*** Opening of Records supplied ***
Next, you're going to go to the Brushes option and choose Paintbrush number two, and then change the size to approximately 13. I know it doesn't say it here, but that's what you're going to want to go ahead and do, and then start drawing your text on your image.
*** Close of Records supplied ***
*** Opening of Records supplied ***
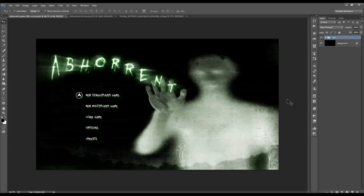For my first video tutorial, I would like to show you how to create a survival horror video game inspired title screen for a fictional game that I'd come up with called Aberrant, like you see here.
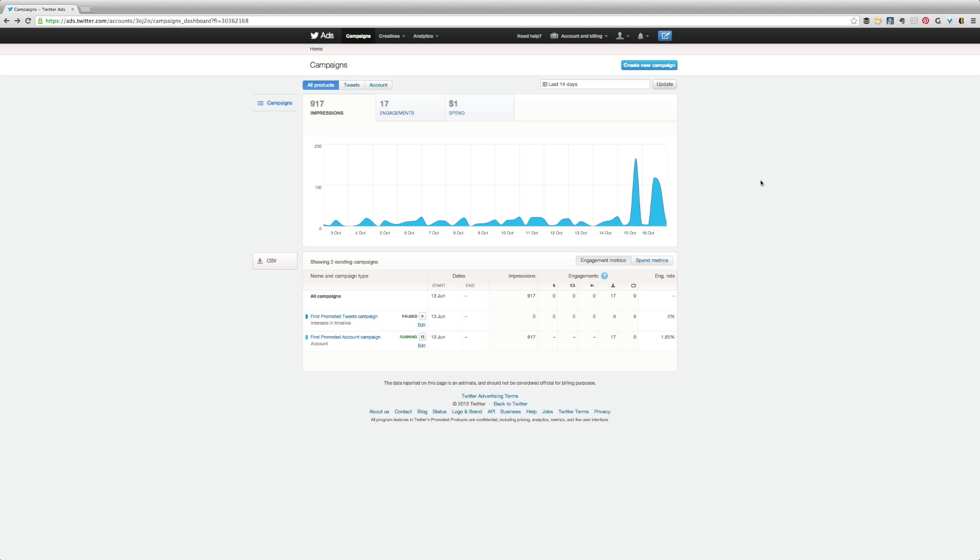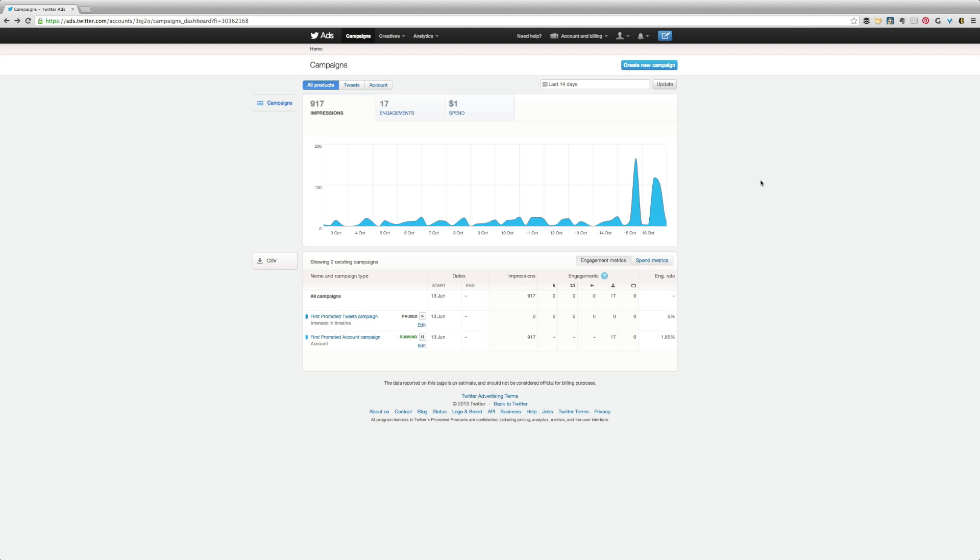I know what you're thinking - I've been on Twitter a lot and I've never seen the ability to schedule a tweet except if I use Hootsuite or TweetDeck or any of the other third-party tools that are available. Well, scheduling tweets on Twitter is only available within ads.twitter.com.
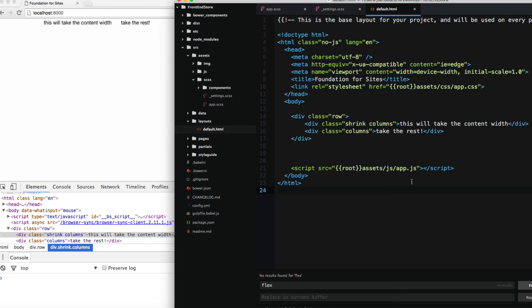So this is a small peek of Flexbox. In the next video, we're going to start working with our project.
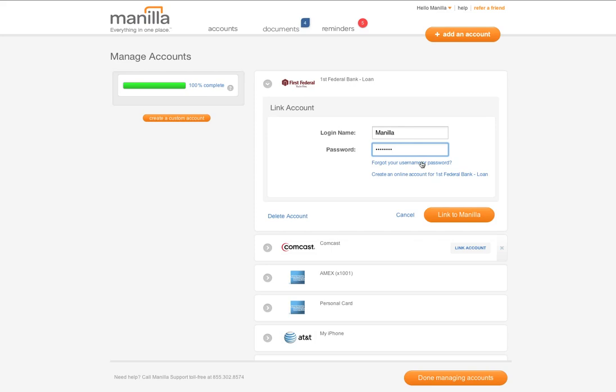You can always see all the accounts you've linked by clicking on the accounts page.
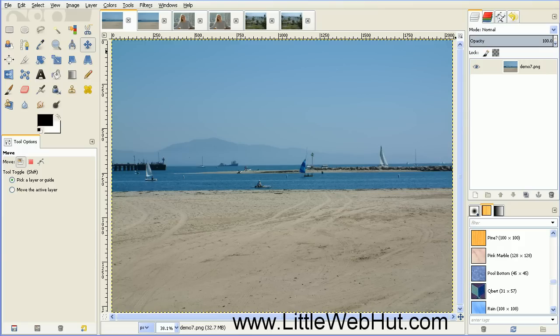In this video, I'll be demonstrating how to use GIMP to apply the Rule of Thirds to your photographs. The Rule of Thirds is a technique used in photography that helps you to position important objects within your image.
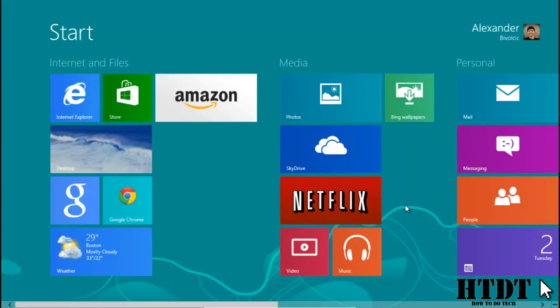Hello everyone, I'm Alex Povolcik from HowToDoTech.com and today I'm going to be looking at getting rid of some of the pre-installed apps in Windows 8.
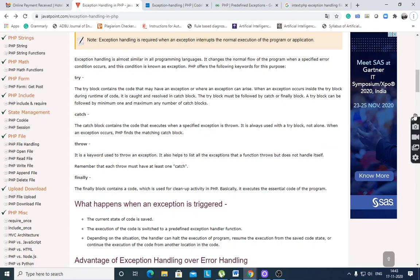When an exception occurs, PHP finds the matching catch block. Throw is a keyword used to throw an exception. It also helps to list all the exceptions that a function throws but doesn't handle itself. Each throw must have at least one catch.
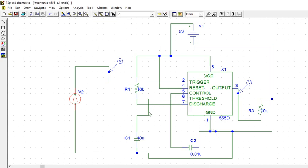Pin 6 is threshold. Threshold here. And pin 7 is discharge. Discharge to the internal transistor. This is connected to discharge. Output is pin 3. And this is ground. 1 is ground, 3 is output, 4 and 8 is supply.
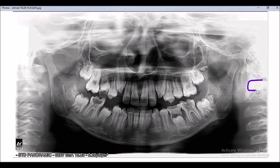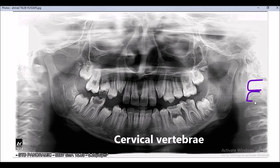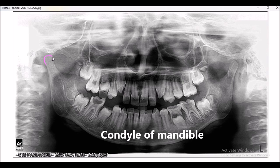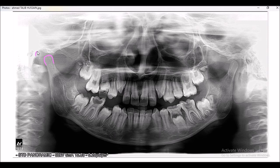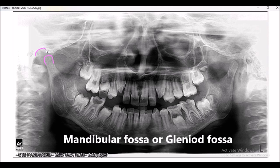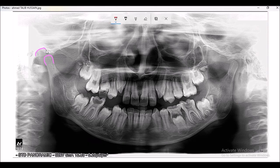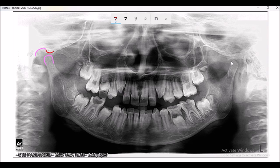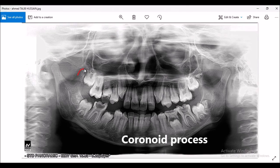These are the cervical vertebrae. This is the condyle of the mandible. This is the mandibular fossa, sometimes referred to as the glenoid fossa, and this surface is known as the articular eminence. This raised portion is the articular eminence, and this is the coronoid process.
*** Close of Records supplied ***
*** Opening of Records supplied ***
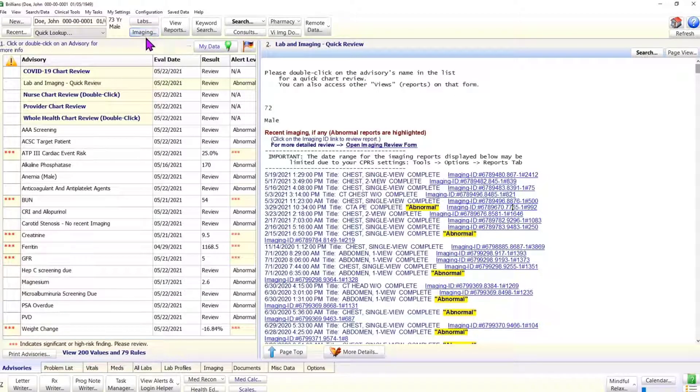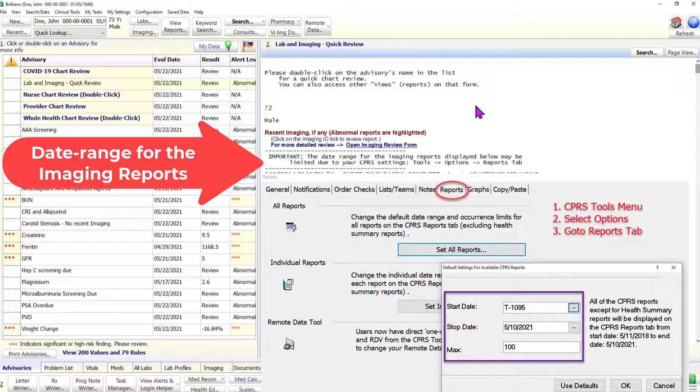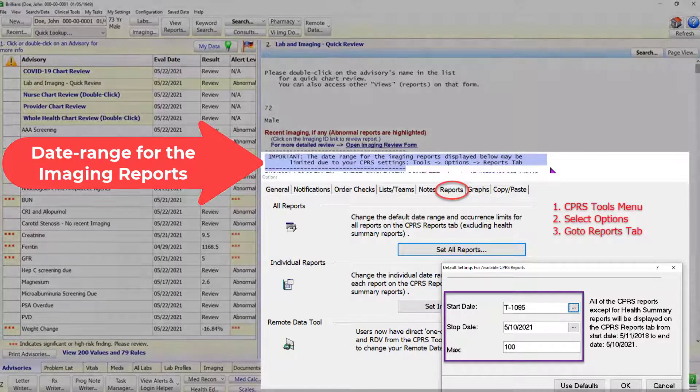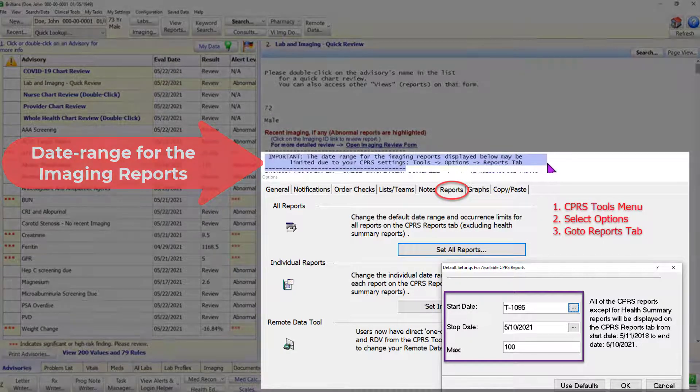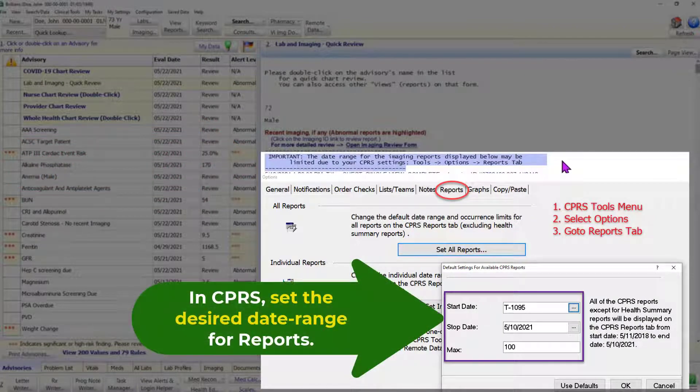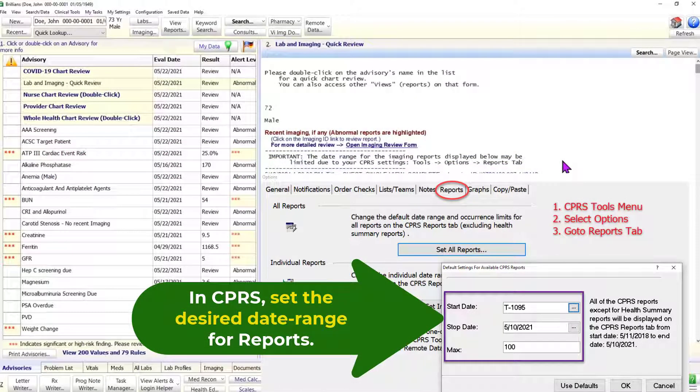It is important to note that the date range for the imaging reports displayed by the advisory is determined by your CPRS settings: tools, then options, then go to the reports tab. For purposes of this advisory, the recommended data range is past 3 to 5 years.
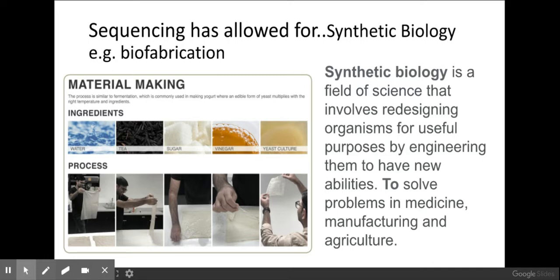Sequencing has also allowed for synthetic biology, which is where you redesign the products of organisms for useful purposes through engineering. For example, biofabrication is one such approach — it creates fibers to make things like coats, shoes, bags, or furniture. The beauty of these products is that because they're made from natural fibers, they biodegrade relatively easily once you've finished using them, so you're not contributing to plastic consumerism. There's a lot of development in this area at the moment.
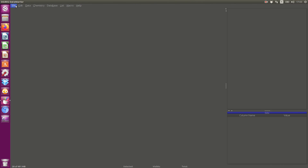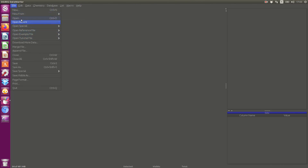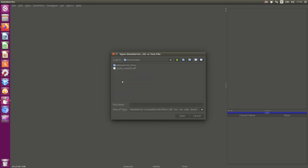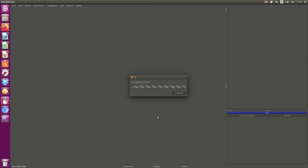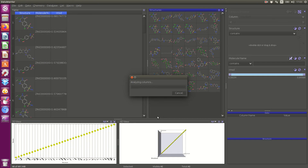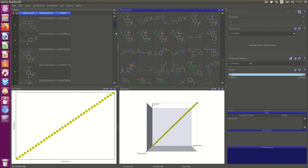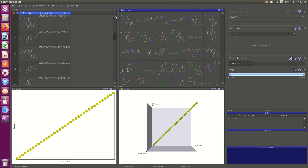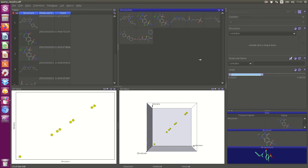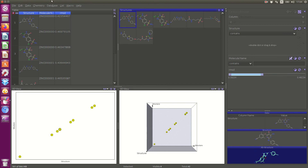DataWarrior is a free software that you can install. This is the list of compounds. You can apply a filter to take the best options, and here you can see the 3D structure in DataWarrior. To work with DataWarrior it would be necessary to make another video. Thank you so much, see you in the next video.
*** Close of Records supplied ***
• _Task to complete_
Using the data above, set down each line from the line with "For my first" to the line with "You can always" exactly, both ends included, and leave the pictures behind. Nothing else belongs.

• _Task answer_
For my first video tutorial, I would like to show you how to create a survival horror video game inspired title screen for a fictional game that I'd come up with called Aberrant, like you see here.
I know what you're thinking - I've been on Twitter a lot and I've never seen the ability to schedule a tweet except if I use Hootsuite or TweetDeck or any of the other third-party tools that are available. Well, scheduling tweets on Twitter is only available within ads.twitter.com.
So this is a small peek of Flexbox. In the next video, we're going to start working with our project.
You can always see all the accounts you've linked by clicking on the accounts page.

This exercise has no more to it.